STUDIO DENTISTICO MICLAVEZ-CLINICA DELLA SALUTE MICLAVEZ

Via Liruti, 12 int. 3 , 33100 Udine - Italy
Tel. +39 0432 229496 e-mail:info@studiomiclavez.com

L'alitometro

L’alito, o respiro, è l’emissione di aria dalla cavità orale.

Esso viene percepito dal soggetto che lo emette e dalle persone a lui vicine come neutro, gradevole o spiacevole: in quest’ultimo caso si parla  di alitosi, una diffusa patologie con forte impatto sociale. Si possono trovare riferimenti all’alito cattivo fin dall’antichità per gli aspetti riferiti a problemi di relazione e affettività.

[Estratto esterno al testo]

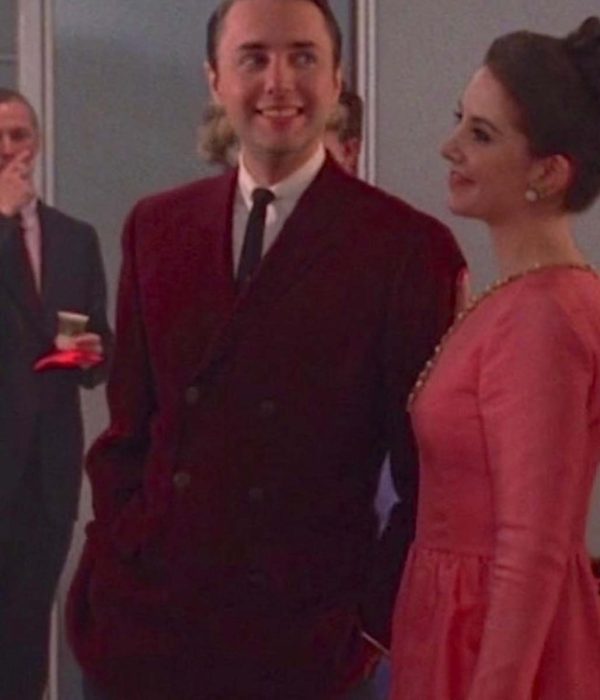 Pete Campbell Mad Men Vincent Kartheiser Blazer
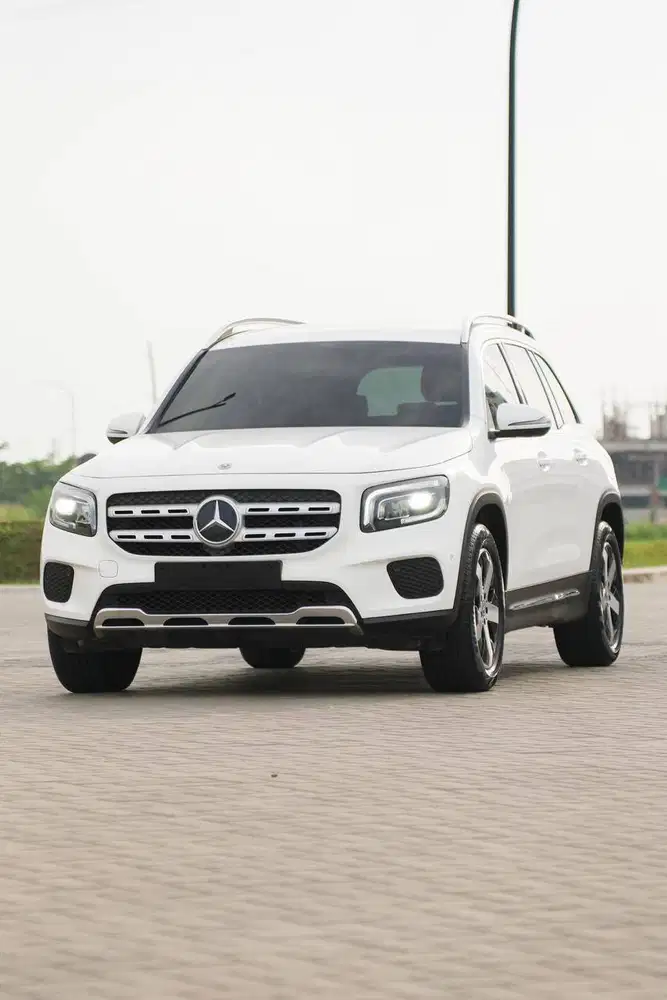 Mercedes Benz GLB200 1.3 Progressive Line 2021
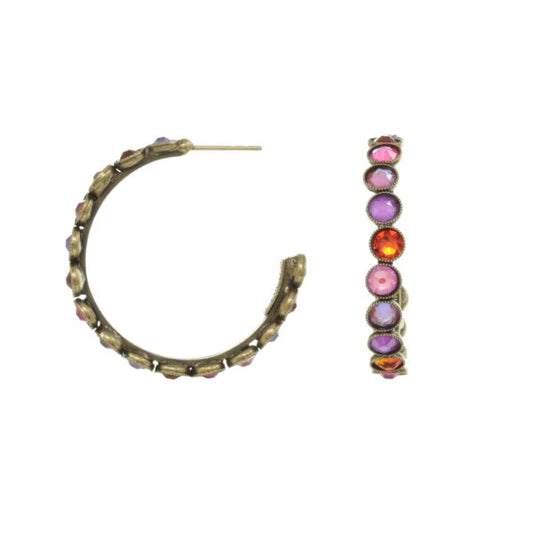 Earrings hoops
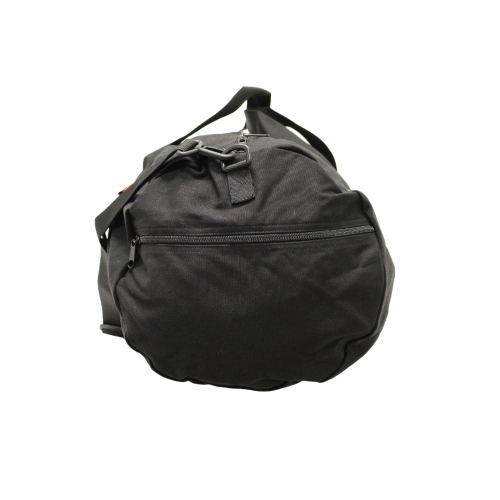 Raven X Shoulder Canvas Duffle Bag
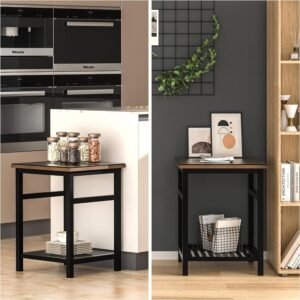 a719eedb-fa00-44d0-ac2d-482c8a87472f-1.jpg Bedside table, coffee table, bamboo nightstand, side table for bedroom, living room, lounge, space saving, easy to assemble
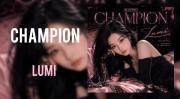 💫 Champion | Covered by Lumi 💫
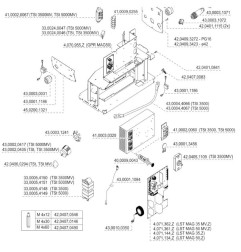 Fronius - PRINT LSTMAG35MV Tested - 4,071,362,Z -  - 9007947080066 - 2.140,81 € - 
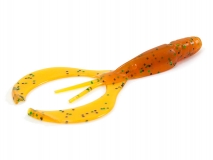 Силиконовая приманка Perch'ik Lucky Hunter 2,5" - col.19, (6 шт.)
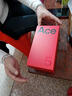 一加 Ace 5 12GB+256GB 引力钛 oppo 国家补贴 第三代骁龙 8 风驰游戏内核 冰川电池 游戏AI智能5G手机 实拍图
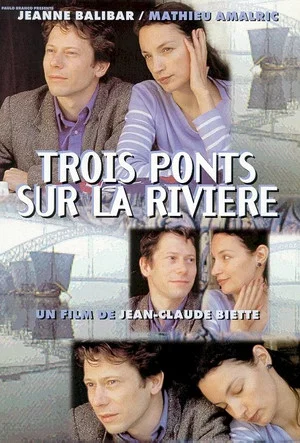 Постер: Three Bridges on the River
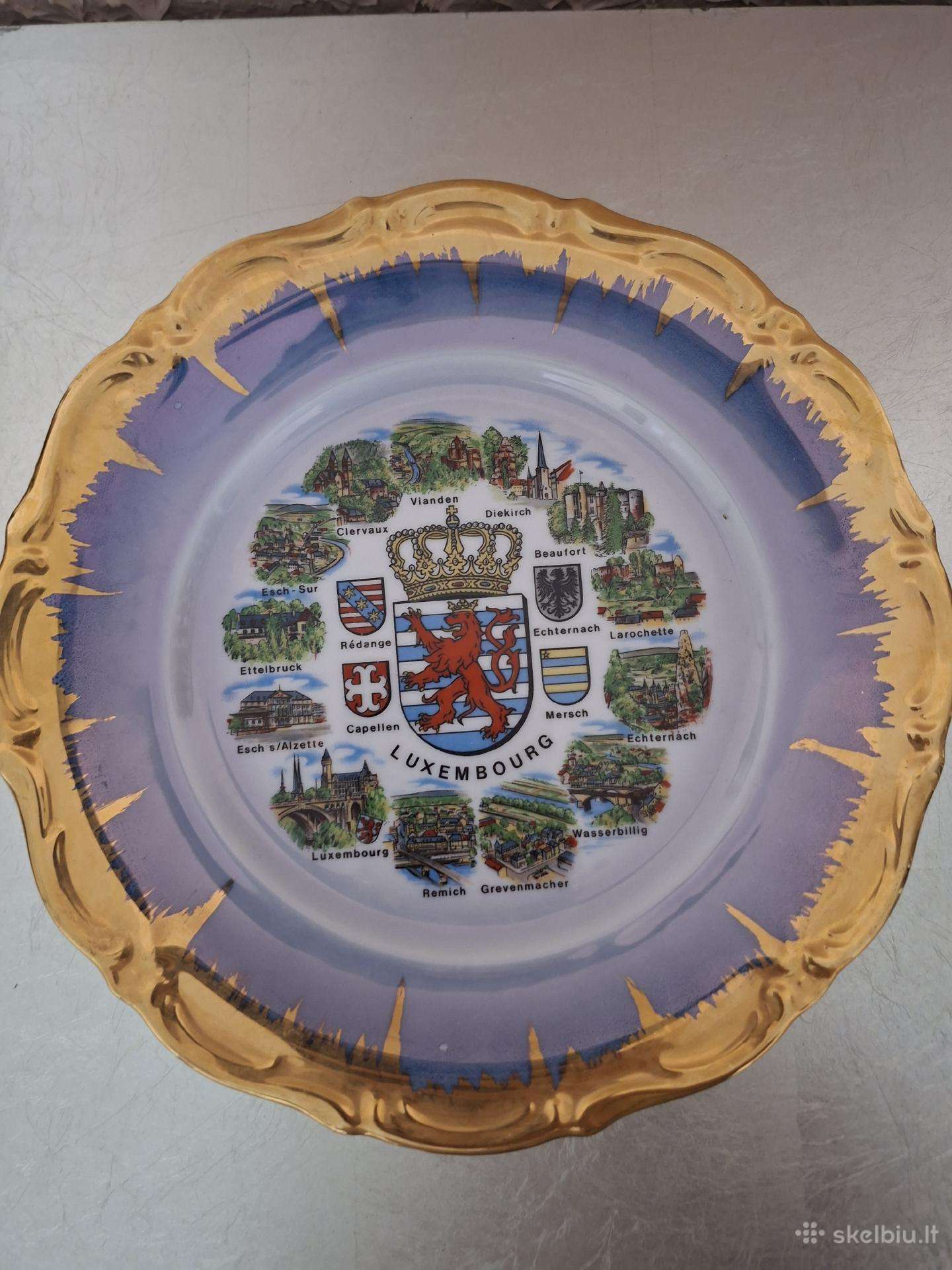 Sieninė lėkštė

Il drammaturgo Tito Maccio Plauto (230-180 a.C.) allude a questa patologia come causa di problemi coniugali (siamo nel periodo pre-imperiale della Repubblica Romana), attraverso un personaggio che censura pubblicamente l’alito cattivo della moglie: “Preferirei bere acqua di fogna piuttosto che baciare mia moglie”. Il Talmud (trattato giudaico con regole civili e religiose) contiene documenti di oltre 2000 anni fa che stabiliscono che un contratto matrimoniale (ketubah) può venire legalmente annullato se uno dei due coniugi soffre di alito cattivo.

Poiché la legge relativa al divorzio nell’attuale Stato di Israele è basata sulle norme religiose, l’alitosi può essere, al giorno d’oggi, motivo giustificato per separarsi legalmente dal proprio coniuge. Esistono inoltre allusioni all’alito cattivo come rivelatore della natura psicologica e morale di una persona. Ippocrate di Kos (460-377 a.C.), considerato uno dei padri della Medicina, insisteva nel dire che tutti i giovani dell’Antica Grecia dovessero avere un alito gradevole. Esortava al rispetto di questa condizione, in quanto sembrava essere un indicatore del grado di dolcezza interiore e dello stato di purezza dell’anima. Impegnato in questa missione, formulò un collutorio aromatico che garantiva un alito gradevole, a base di vino puro, anice, semi di aneto e mirto.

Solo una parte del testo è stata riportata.